• _The problem_: All that is wanted is a word-for-word copy of the line with "Corsair Vengeance LPX" and every line after it in the data below.

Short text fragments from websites
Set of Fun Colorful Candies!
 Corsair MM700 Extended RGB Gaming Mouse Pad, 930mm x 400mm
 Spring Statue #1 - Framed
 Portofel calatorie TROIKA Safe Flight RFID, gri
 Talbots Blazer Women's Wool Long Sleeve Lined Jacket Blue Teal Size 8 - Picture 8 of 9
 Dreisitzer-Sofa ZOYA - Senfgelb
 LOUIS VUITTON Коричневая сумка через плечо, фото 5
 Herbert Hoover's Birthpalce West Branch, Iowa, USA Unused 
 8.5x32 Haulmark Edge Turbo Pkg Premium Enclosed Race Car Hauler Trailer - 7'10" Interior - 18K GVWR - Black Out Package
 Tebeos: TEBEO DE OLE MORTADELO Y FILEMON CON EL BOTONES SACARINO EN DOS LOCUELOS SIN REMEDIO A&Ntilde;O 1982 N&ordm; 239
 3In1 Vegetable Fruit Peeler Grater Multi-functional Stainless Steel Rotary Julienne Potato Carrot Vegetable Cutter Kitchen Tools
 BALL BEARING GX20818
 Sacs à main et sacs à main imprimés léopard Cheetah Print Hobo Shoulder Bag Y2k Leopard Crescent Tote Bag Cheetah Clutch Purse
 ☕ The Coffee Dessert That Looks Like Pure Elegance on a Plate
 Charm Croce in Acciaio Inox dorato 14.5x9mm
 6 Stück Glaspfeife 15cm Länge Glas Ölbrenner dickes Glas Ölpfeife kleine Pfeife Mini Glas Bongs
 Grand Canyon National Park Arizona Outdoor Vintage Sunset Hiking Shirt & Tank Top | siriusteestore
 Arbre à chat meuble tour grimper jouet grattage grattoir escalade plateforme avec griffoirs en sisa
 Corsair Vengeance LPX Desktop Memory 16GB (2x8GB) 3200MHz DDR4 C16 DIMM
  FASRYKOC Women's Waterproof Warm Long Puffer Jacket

• _Answer to this problem_:
 Corsair Vengeance LPX Desktop Memory 16GB (2x8GB) 3200MHz DDR4 C16 DIMM
  FASRYKOC Women's Waterproof Warm Long Puffer Jacket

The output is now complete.